Low turnout, as well as cost to local taxpayers, were two of the main reasons behind AB50.
Tuesday’s paltry turnout underscores the challenge of getting voters to participate in elections during odd-numbered years, with no state or federal races driving them to the polls.
“I definitely think that is the key narrative about it,” said Emily Zamora, executive director of Silver State Voices, a progressive-leaning nonprofit that advocates for expanding civic access in Nevada.
Zamora said municipal elections often have more impact on the day-to-day lives of voters than do presidential races. Still, even-year general elections have much greater turnout in Nevada, with at least half of all eligible voters participating in, and even more during presidential cycles.
“Putting these elections in an even-year election actually brings more awareness … because people are attuned,” Zamora said. “They are paying attention more to what is going on.”
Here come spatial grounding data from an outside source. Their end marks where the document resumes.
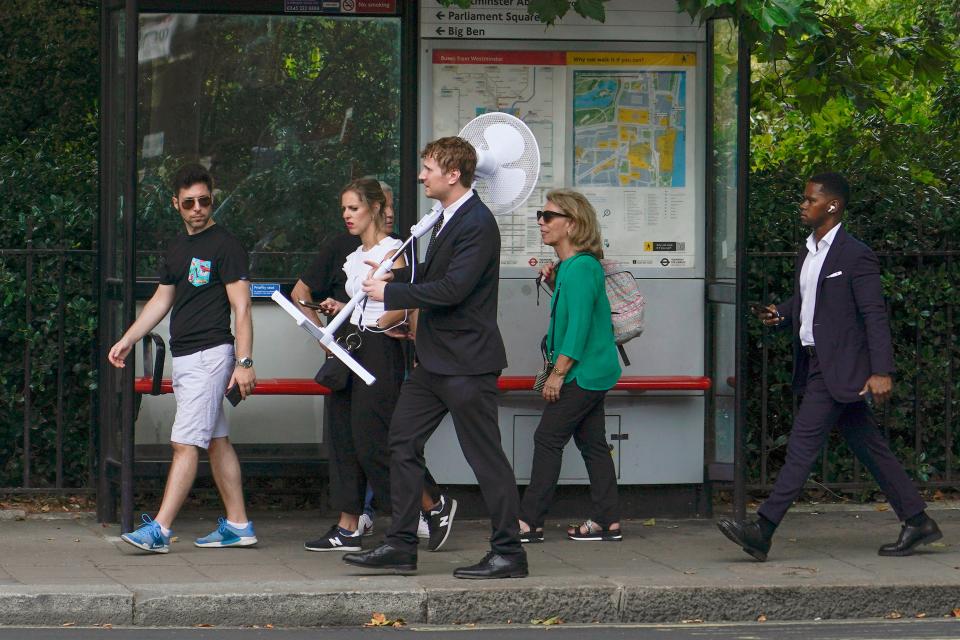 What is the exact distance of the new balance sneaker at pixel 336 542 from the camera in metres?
7.29

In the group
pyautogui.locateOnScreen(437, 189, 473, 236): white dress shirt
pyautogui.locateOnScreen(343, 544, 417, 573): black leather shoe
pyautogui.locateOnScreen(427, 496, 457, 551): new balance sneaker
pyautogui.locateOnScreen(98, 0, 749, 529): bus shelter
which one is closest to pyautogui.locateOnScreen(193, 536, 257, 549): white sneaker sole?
pyautogui.locateOnScreen(98, 0, 749, 529): bus shelter

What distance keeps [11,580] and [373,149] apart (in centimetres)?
302

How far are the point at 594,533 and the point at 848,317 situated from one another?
166 cm

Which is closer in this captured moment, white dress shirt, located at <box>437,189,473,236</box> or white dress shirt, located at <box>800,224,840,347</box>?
white dress shirt, located at <box>437,189,473,236</box>

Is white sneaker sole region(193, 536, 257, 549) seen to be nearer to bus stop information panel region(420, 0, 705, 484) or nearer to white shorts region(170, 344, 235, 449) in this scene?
white shorts region(170, 344, 235, 449)

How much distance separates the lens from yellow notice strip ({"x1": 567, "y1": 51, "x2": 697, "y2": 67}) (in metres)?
8.03

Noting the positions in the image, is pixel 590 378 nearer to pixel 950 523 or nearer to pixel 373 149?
pixel 373 149

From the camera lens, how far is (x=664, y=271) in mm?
8133

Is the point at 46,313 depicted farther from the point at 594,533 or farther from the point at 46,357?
the point at 594,533

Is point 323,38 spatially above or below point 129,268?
above

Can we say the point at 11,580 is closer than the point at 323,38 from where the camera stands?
Yes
Doug Goodman, executive director of Nevadans for Election Reform, pointed to continued low-voter participation as clear evidence of why odd-year elections must be eradicated.
“What more could you add? This is it,” he said. “Yeah, this is proof.”
Governor signs bill
AB50 will now make all eight Nevada cities that currently hold odd-year elections, including Las Vegas, North Las Vegas, Henderson and Boulder City, align with state and federal races in even years.
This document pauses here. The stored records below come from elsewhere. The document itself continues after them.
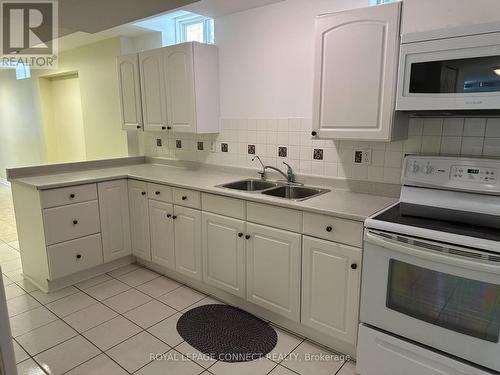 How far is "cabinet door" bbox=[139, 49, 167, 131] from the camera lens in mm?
3229

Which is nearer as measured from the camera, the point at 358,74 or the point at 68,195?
the point at 358,74

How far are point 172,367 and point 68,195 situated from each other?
1.68 metres

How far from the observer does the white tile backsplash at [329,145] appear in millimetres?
1976

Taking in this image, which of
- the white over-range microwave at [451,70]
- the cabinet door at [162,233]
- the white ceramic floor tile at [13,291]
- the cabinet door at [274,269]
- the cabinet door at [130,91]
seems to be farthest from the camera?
the cabinet door at [130,91]

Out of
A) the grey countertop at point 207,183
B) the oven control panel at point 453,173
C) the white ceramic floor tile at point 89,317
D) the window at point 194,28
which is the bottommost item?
the white ceramic floor tile at point 89,317

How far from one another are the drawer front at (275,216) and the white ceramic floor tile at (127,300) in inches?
46.4

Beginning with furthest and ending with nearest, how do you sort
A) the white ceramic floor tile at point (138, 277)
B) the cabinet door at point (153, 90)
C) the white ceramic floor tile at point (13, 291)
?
the cabinet door at point (153, 90)
the white ceramic floor tile at point (138, 277)
the white ceramic floor tile at point (13, 291)

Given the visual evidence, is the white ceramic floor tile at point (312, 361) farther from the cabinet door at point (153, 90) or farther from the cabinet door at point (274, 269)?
the cabinet door at point (153, 90)

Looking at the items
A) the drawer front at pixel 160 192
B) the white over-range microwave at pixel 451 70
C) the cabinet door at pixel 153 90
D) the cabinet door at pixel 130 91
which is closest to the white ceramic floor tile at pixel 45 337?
the drawer front at pixel 160 192

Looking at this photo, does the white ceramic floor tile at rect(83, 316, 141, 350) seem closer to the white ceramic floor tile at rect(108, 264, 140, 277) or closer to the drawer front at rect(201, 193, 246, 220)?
the white ceramic floor tile at rect(108, 264, 140, 277)

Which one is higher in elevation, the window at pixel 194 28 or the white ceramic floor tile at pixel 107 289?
Answer: the window at pixel 194 28

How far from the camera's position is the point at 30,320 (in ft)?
8.13

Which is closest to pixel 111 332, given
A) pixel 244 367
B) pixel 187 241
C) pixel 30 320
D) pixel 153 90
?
pixel 30 320

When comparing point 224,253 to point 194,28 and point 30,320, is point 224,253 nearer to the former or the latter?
point 30,320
Beyond shifting elections, it would mean that primary and general elections are held later in the year — in June and November instead of April and June. And it would make campaign fundraising more transparent.
The Review-Journal reported in March that a 2017 bill requiring quarterly filing deadlines for campaign finance reporting assured that candidates in odd-numbered year elections did not have to report anything until mid-April, or after the primary election was held.
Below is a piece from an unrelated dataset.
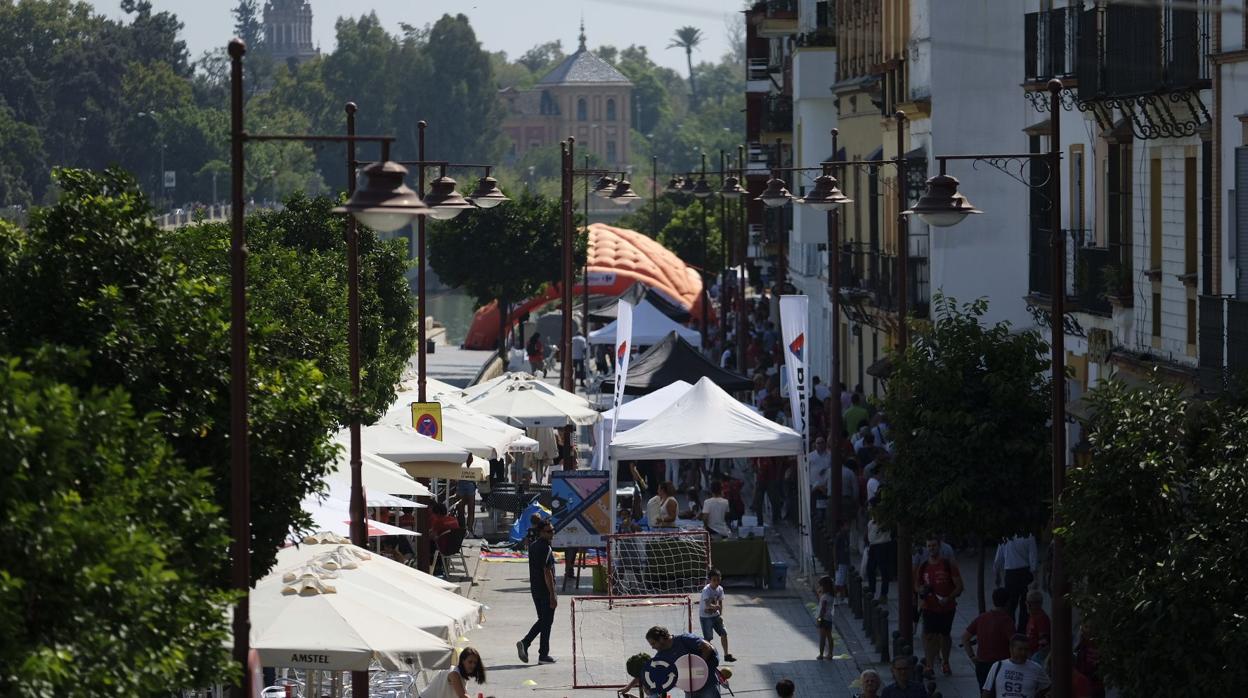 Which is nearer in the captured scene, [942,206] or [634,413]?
[942,206]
With the move, Las Vegas city officials also expect to save $500,000 in flat fees paid to the county during each election cycle, but county officials could not be reached Wednesday to confirm.
Questions were raised about the even-year shift, particularly whether city elections will be overlooked as down-ballot contests. During a May 8 hearing of the Senate Committee on Legislative Operations and Elections, the argument was addressed by Wayne Thorley, deputy of secretary of state for elections. (His office proposed the bill.)
Thorley said the fear was unsupported by data. Others countered suggestions that voters would be overloaded by more candidates, noting how election cycles seemingly never stop in Nevada, with even-year elections in November followed quickly by odd-year contests the following April.
There were nearly 142,000 eligible voters in Las Vegas during Tuesday’s general election, according to county data. About 60,000 were in Ward 2; 45,000 in Ward 1; and 36,000 in Ward 3.
Getting elected to the council typically requires just a sliver of overall voter support.
“Las Vegas is the most powerful city in the state and why is somebody being elected to represent that city with only 2,000 votes?” Zamora said. “That doesn’t make sense.”
None of the three city council winners needed more than 3,000 votes to claim victory. In Ward 3, former Assemblywoman Olivia Diaz was elected with just more than 1,300 votes.
But even candidates have lamented the difficulty in voter engagement. Speaking to KNPR-FM 88.9 on Wednesday, Diaz said, unprovoked, that odd-numbered year races were “tough.”
“Folks are on vacation with their kids, and I think that voting goes by the wayside when you want to have fun in the summer and get away from Vegas,” she said.